Roll over Britain & America, once the haven for crime
writing and detective/private detective genres. But those were the adventures
of quaint granny detectives, country policemen on bicycles, Belgian egg-head
detectives with waxed and pointy moustaches, mostly set between the two world
wars.
Some of this has been able to stay stubbornly current in
West End theatre, and in glossy costume/period TV mini-series, but they agitate
a certain impatience for depicting another, seemingly altogether unhurried time.
Then there’s Sherlock Holmes, written even further back, in
the 19th century. But Sherlock, Watson, Irene Adler and Moriarty,
are still alive and kicking, remade into new TV serials and films, using
vigorous contemporary stars and dollops of poetic licence. And there are many
well received cops and detective
movies and serials over the years on
both sides of the Atlantic. But, the Scandanavians score, because of their
psychological nuancing, and perhaps they seem exotic, compared to the Brooklyn
cop or the Jaguar driving British detective.

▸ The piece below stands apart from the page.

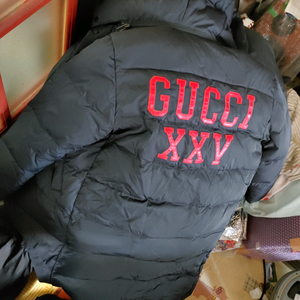 구찌 뉴욕양키스 롱패딩 s 사이즈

The British meanwhile, are also holding fast to Ian Fleming/the Broccoli
franchise of James Bond, the John Le
Carre creations, and other spy/espionage/secret agent sectors. But here too,
MI6 is having to share space with the vibrant Mossad inspired Israeli tales,
and the CIA/FBI via the ever enabling vastness of the US.
The once celebrated but now almost forgotten Erle Stanley
Gardner and Raymond Chandler books from American paperbackland, all set in the
fifties, are now quite dated.
A turn or two was all she wrote for once enduring comic
strip/book creations Dick Tracy, Rip Kirby, Bugsy Malone, kinky female
dominatrix Modesty Blaize, all residing on the edge of Gangster Gulch and
Mullholland Drive. They too alas, have faded away, along with their macs and
hats, donating their memory to brash revivals of Dr. Jekyll & Mr. Hyde.
Crime-fighters in the Marvel and DC super-hero comics, the
Lee Falk creations, have survived with bells on. They are big business, morphed
into grand theatre-class screen players, assisted by star power, costumes, state-of-the-art
computer graphics, 3D, and new, ‘inspired-by’ scripts.
Cut to the crime story present- in computerised,
internet/smart phone driven times, all the most captivating whodunnits, between
covers and on Kindle, are almost exclusively from Scandanavia.
But why are Scandavians so good at this? Simple, direct
writing, with most structured around the doings of ‘unkempt, unhealthy, stoic’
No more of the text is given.